> TASK TO CARRY OUT
Your response should contain exactly the lines running from the one with "Miniatyrbilde 5 av" to the end of the data below, both included, and no pictures.

%%

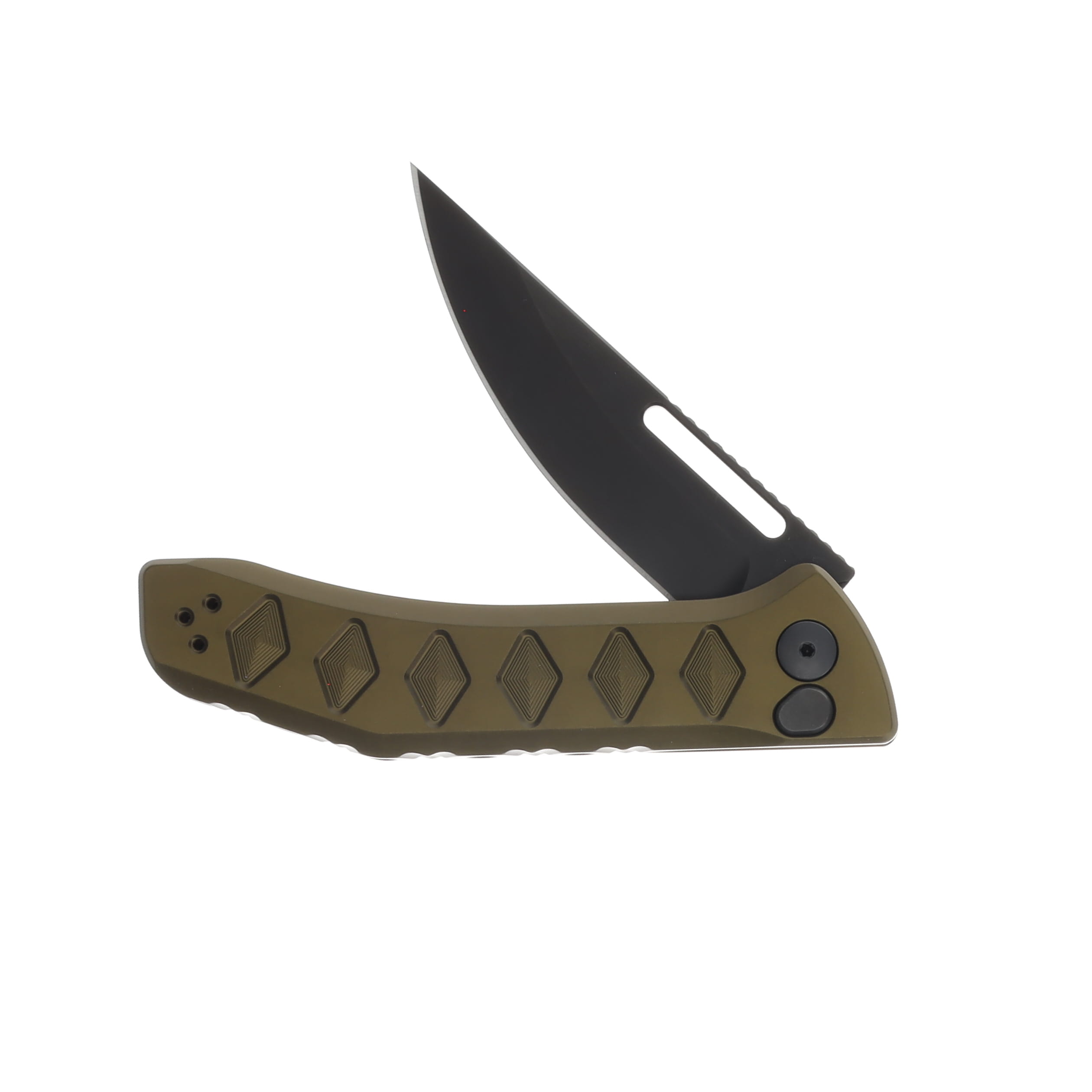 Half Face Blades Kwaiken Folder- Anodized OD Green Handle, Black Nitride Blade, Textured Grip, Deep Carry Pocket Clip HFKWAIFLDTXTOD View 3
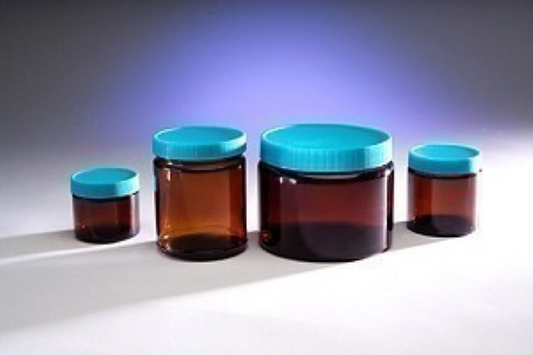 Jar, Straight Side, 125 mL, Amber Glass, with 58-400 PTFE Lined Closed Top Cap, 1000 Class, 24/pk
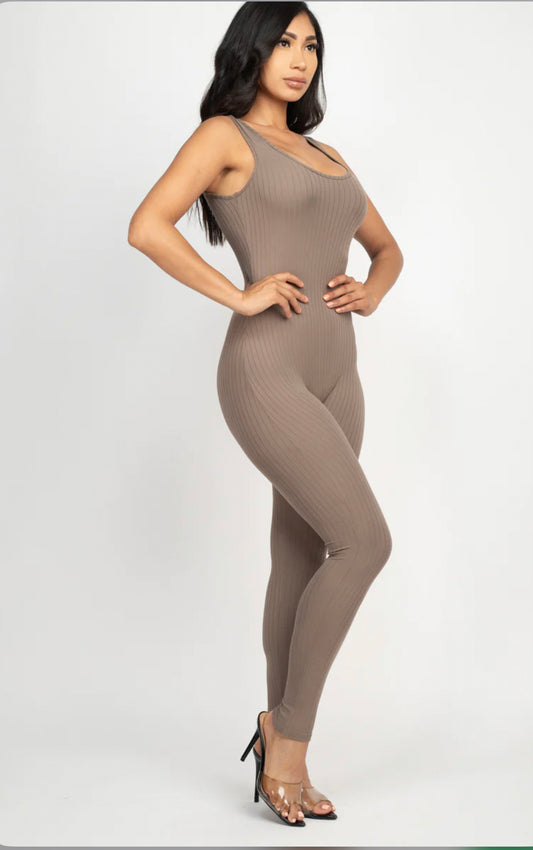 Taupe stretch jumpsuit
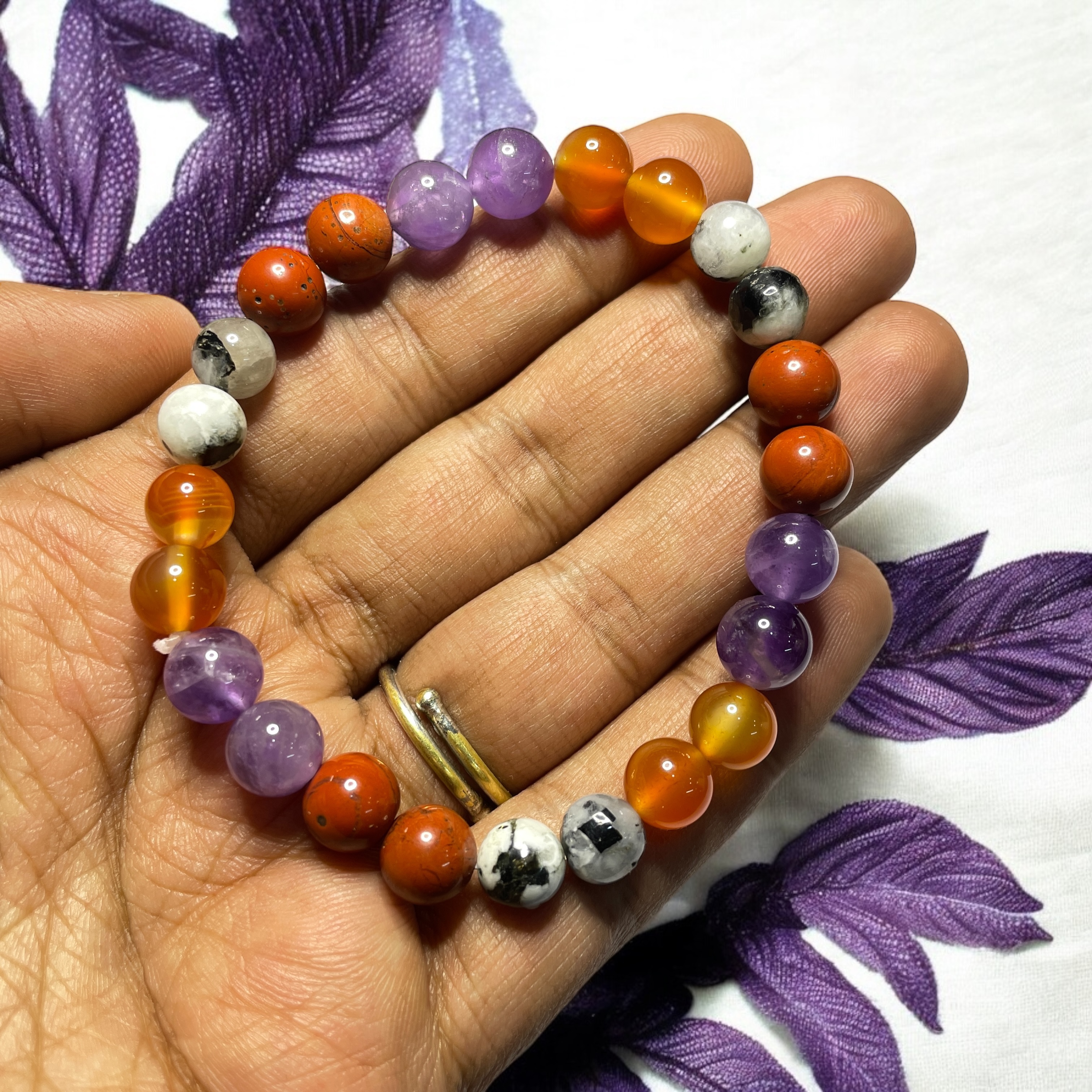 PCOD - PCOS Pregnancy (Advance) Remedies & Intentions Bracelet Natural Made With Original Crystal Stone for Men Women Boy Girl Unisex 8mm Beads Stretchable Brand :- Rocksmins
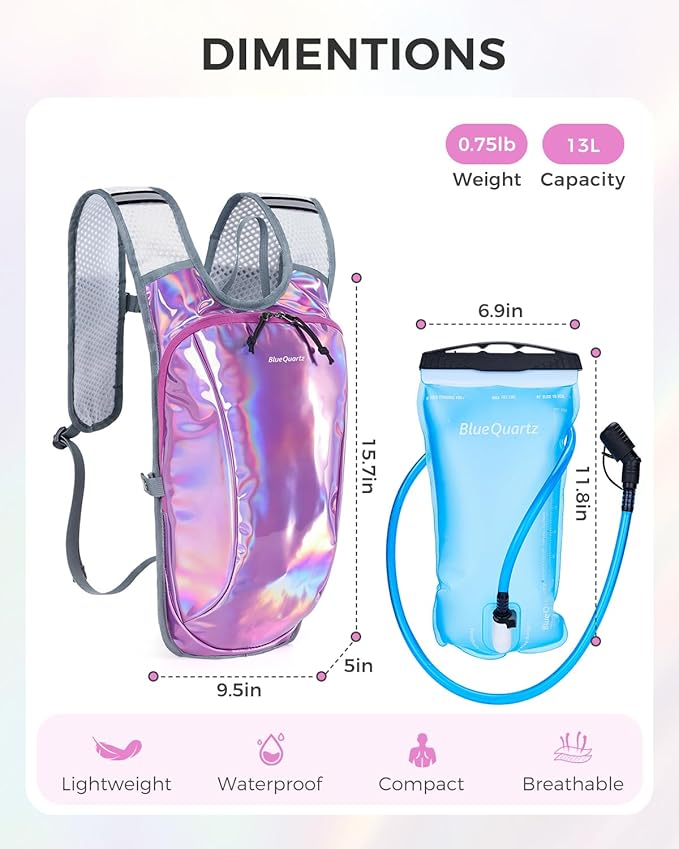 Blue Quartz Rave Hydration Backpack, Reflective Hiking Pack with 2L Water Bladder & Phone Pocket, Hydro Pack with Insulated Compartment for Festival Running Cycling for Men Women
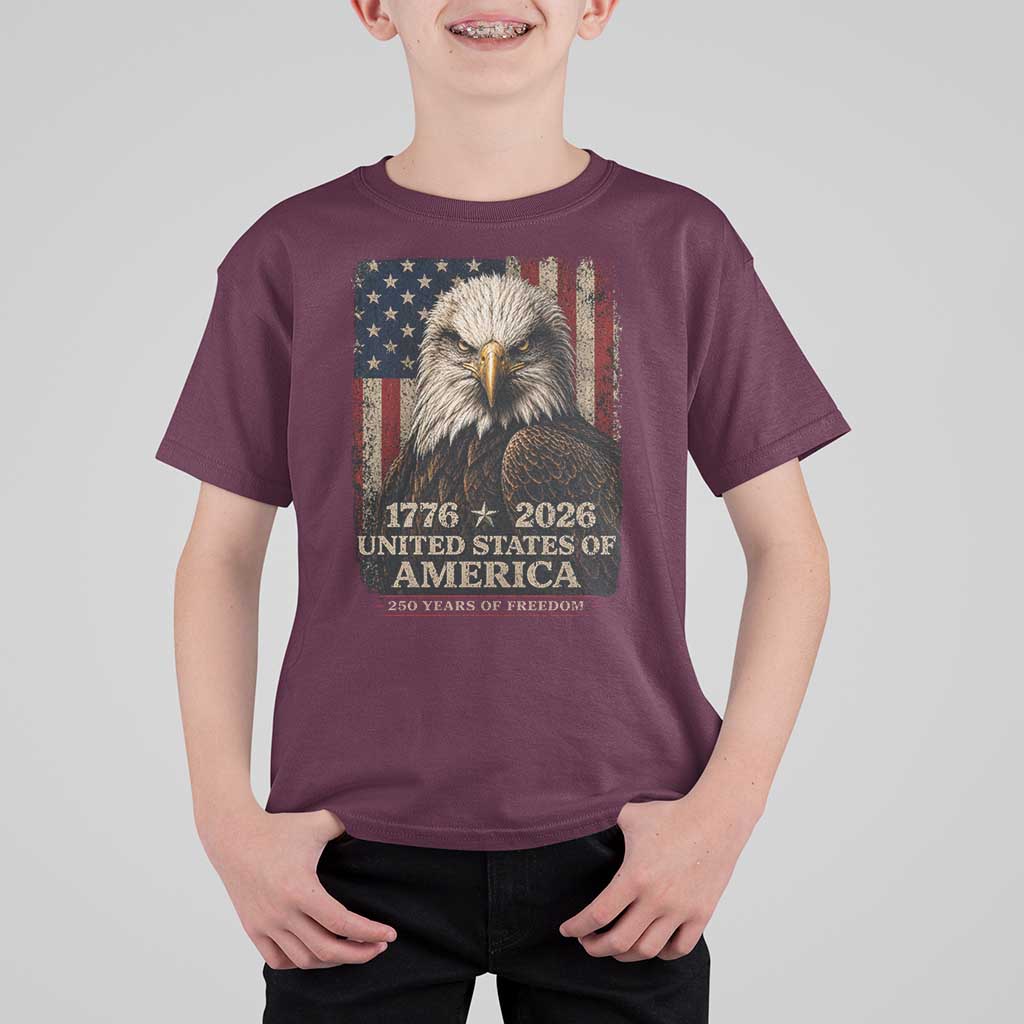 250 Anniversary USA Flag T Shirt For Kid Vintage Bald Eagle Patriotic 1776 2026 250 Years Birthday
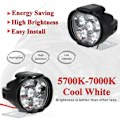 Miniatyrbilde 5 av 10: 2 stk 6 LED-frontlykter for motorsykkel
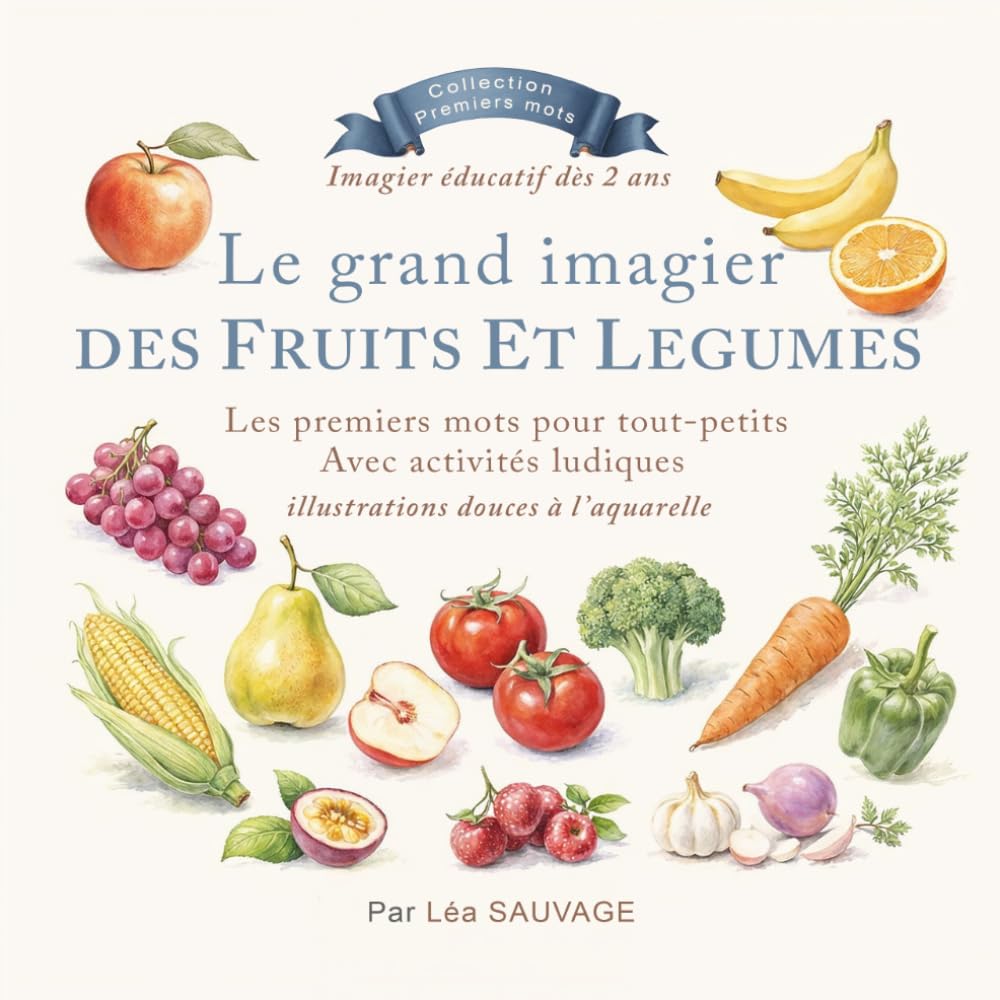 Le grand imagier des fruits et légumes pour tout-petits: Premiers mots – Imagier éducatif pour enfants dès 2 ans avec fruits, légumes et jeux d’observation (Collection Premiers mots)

%%

> WRITTEN ANSWER
 Miniatyrbilde 5 av 10: 2 stk 6 LED-frontlykter for motorsykkel
 Le grand imagier des fruits et légumes pour tout-petits: Premiers mots – Imagier éducatif pour enfants dès 2 ans avec fruits, légumes et jeux d’observation (Collection Premiers mots)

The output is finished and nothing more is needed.